Avoid the Hassle of Litigation's Draft your Agreements with Care


Time Published on July 10, 2012

In a recent decision, Downey v. Encore International Inc., the Ontario Court of Appeal took a flexible approach based heavily on the factual circumstances in finding that a confidentiality agreement was enforceable.  

The company, Encore, had been in discussions with the plaintiff, Downey, to enter into an employment relationship. However, for tax purposes, Downey proposed that that his services be provided as a consultant through his consulting agency. A consulting agreement was executed between Encore and Downey’s company CSR Industries Inc. (“CSR”). Downey was named a “key person” in the agreement.  The consulting agreement required CSR to execute a copy of Encore’s standard confidentiality agreement. However, the confidentiality agreement that was executed was done so by Downey personally and it was the standard agreement for employees and contained language to that effect. The issue arose as to whether there was any consideration for the confidentiality agreement.

The Court of Appeal analyzed the entire factual matrix in coming to its conclusion that the confidentiality agreement was binding on Downey. The purpose of having a consulting relationship instead of an employment relationship was for tax reasons. This business reality did not change the intent of the parties.  In addition, the court found that the transaction between the parties was effected by the execution of both contracts. The consulting agreement and the confidentiality agreement were related, as the former was executed on the faith that the later would be as well. In its analysis, the court read the two contracts together, finding that the wording of the agreements and the factual matrix revealed that the de facto relationship was between Encore and Downey, not Encore and CSR.

Lack of attention to detail and other errors in a contract can have detrimental effects on a party attempting to rely upon its terms.
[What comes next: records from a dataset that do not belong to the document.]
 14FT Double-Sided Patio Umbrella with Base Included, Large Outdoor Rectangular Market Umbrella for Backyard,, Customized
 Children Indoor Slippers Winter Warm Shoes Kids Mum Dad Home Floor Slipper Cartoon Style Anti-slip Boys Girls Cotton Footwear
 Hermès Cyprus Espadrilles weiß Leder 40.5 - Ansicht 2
One party may be relieved of its obligations under the contract on a technicality. In this decision, the Court of Appeal emphasized the true intentions of the parties and the factual realities associated with the two agreements. It took a flexible approach, focusing on the factual matrix instead of the precise wording of the agreements.
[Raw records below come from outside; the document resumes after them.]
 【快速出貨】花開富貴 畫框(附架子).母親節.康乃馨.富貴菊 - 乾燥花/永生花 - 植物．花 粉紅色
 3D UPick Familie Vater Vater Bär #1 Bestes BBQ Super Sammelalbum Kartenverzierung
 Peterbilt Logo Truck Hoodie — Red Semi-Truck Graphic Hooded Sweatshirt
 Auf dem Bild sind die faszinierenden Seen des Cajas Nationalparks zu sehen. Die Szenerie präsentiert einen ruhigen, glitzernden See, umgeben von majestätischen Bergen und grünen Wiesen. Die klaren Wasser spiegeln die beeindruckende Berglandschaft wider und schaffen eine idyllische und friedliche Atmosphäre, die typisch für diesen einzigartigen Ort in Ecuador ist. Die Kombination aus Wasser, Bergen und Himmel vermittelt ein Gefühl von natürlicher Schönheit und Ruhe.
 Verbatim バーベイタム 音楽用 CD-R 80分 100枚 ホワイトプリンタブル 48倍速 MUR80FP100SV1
As a result, the company was able to enforce the confidentiality agreement against the consultant. However, it is important for companies to ensure that agreements are carefully drafted. Relying on a standard template agreement without reviewing its language is risky as this could affect its enforceability, or could lead to inadvertently agreeing to different terms than intended. Before a contract is executed it should be carefully reviewed. It is important to be familiar with the precise terms of the agreement, the obligations of each party to the agreement and the identity of the parties.